EXERCISE GOAL | Search the records for the string "Sugar", then copy each line where it appears.

────────────────────────────────────────

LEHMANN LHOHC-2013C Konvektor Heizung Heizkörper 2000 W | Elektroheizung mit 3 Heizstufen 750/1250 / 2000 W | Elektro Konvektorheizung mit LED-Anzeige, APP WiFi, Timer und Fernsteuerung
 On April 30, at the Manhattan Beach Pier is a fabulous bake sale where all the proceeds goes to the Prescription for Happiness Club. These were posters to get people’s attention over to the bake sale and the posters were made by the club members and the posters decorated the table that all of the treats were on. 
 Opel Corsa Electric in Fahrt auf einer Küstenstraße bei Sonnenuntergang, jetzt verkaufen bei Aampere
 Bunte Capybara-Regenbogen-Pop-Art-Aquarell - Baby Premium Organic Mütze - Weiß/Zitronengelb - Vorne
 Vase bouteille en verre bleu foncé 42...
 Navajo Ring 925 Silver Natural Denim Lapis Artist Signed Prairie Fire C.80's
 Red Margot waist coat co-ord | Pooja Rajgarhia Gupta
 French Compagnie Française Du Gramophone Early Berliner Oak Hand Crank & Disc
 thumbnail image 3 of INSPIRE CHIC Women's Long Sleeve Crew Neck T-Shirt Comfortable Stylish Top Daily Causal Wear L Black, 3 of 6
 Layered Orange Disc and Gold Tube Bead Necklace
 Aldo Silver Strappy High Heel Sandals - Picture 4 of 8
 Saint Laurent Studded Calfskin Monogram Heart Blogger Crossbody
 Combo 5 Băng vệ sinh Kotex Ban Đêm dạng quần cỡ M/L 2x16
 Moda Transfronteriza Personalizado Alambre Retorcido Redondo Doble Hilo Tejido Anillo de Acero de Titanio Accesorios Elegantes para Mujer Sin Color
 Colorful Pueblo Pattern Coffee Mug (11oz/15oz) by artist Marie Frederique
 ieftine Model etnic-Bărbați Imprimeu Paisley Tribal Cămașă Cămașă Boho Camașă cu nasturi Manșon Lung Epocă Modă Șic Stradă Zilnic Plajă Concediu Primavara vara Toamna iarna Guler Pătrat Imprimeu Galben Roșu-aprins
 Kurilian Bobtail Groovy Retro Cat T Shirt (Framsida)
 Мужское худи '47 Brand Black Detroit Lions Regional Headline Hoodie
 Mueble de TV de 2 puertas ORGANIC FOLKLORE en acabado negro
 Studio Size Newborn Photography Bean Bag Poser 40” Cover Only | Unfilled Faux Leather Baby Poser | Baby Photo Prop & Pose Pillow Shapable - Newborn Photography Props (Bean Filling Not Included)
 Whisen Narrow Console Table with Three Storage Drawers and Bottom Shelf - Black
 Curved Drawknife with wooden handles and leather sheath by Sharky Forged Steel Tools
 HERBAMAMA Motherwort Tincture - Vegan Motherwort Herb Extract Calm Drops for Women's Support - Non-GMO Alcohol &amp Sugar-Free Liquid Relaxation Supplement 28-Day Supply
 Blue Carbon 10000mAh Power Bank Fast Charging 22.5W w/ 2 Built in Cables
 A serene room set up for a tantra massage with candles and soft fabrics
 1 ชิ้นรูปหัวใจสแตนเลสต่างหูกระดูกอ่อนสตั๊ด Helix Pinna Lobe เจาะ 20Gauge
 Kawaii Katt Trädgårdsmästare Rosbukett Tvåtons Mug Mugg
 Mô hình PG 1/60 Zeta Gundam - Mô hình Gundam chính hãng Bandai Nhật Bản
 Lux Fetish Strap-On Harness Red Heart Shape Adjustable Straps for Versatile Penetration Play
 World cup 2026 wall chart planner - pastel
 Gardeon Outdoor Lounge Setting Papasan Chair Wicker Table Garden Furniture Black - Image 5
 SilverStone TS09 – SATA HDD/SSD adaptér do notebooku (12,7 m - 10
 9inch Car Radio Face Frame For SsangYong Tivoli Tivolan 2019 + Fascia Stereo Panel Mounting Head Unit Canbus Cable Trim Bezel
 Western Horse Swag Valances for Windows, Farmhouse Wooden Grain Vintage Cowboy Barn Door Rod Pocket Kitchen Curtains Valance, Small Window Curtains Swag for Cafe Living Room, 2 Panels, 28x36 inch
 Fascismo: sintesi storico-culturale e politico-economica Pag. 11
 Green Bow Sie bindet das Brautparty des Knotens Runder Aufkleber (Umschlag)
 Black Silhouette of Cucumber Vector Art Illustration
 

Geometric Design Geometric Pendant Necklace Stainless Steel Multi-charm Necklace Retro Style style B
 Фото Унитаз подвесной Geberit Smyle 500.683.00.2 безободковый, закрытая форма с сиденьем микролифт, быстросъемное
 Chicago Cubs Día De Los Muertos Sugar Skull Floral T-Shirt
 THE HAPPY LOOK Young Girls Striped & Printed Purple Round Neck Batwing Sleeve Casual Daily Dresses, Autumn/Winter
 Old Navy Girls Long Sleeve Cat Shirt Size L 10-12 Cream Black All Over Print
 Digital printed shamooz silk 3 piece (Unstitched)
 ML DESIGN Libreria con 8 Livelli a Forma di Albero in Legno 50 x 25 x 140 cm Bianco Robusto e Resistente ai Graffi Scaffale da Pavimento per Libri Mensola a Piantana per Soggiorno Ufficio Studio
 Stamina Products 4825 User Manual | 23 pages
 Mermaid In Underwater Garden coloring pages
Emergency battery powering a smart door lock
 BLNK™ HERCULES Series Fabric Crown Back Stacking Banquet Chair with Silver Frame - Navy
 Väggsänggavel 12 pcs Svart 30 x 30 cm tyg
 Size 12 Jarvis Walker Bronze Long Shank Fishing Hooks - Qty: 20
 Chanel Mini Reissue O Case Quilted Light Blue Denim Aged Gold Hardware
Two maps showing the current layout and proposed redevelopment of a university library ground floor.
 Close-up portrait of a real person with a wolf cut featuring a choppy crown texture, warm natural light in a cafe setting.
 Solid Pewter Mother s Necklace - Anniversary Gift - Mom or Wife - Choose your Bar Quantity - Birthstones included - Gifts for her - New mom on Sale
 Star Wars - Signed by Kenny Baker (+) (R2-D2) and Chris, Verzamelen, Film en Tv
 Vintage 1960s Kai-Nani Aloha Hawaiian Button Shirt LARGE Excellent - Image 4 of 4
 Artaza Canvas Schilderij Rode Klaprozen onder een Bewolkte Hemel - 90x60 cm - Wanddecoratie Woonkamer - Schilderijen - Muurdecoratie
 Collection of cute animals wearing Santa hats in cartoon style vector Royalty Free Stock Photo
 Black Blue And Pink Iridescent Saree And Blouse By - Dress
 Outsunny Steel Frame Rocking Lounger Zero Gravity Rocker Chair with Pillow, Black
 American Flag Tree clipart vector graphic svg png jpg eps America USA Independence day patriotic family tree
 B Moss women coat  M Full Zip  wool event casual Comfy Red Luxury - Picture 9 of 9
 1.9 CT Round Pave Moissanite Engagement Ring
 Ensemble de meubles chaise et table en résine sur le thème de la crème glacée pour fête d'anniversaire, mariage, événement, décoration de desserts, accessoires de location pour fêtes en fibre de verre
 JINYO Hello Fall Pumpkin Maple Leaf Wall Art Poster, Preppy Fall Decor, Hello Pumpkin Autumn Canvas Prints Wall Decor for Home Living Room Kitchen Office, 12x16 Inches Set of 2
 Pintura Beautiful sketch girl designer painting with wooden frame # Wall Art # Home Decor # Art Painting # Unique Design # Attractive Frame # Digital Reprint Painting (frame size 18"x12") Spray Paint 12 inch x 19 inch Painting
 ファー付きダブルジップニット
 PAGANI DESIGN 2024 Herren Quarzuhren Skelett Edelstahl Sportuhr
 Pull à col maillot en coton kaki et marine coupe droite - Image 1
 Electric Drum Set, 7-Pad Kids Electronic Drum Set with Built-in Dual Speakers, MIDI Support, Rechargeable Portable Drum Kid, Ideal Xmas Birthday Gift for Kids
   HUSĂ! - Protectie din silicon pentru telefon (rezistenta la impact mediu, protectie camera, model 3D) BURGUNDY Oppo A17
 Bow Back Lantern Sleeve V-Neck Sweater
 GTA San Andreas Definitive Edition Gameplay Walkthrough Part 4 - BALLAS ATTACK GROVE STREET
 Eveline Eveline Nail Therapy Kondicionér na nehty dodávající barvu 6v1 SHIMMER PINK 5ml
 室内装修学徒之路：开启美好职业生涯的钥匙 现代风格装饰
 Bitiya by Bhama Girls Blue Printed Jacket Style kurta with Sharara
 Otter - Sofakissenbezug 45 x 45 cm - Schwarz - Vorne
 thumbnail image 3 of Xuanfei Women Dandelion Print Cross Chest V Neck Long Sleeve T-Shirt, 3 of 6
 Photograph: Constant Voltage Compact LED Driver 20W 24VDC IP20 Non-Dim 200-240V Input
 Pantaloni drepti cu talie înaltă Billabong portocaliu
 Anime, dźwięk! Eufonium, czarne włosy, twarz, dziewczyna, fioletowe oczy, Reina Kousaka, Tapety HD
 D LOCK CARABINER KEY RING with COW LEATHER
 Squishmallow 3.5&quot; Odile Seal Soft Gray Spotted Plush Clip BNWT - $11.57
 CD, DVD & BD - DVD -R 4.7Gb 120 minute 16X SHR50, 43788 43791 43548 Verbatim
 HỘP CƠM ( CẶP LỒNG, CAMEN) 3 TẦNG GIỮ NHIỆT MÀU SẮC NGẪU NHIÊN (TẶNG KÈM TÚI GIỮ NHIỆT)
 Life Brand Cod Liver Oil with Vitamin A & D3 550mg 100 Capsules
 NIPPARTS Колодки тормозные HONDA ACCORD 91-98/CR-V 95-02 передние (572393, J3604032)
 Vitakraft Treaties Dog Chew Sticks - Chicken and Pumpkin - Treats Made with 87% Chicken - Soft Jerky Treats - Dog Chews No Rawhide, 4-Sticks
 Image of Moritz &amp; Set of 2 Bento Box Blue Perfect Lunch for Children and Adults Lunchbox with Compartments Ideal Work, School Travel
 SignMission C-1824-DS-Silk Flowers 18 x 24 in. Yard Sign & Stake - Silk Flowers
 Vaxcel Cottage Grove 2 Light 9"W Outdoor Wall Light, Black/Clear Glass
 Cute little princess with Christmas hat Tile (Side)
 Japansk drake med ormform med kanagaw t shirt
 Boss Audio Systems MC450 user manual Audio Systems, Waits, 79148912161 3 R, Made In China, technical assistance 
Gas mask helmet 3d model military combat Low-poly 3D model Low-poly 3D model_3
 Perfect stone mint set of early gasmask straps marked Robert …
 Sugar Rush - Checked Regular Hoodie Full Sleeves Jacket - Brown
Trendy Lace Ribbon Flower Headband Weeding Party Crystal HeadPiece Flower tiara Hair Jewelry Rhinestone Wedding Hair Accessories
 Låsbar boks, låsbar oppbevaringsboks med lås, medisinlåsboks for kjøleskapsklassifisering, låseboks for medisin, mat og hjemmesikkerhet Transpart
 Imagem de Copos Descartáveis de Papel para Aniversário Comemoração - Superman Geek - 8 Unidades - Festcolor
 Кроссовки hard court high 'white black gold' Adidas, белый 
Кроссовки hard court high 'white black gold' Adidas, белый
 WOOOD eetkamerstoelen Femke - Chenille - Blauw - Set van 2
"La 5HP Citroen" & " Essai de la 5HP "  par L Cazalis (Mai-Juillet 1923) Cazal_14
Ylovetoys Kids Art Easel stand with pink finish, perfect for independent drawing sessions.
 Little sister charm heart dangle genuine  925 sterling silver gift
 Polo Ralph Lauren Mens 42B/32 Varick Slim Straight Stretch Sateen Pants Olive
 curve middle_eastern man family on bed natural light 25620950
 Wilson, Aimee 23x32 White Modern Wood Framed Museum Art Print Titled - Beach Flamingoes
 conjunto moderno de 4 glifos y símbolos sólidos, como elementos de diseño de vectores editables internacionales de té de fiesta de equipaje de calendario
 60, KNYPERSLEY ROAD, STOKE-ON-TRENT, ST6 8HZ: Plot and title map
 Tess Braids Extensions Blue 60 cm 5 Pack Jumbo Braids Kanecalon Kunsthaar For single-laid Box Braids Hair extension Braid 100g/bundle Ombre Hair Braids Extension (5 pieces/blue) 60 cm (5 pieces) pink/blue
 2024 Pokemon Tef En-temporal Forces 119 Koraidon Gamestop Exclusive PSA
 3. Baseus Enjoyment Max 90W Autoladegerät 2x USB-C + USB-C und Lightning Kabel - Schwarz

────────────────────────────────────────

ANSWER TO THIS EXERCISE |
 HERBAMAMA Motherwort Tincture - Vegan Motherwort Herb Extract Calm Drops for Women's Support - Non-GMO Alcohol &amp Sugar-Free Liquid Relaxation Supplement 28-Day Supply
 Chicago Cubs Día De Los Muertos Sugar Skull Floral T-Shirt
 Sugar Rush - Checked Regular Hoodie Full Sleeves Jacket - Brown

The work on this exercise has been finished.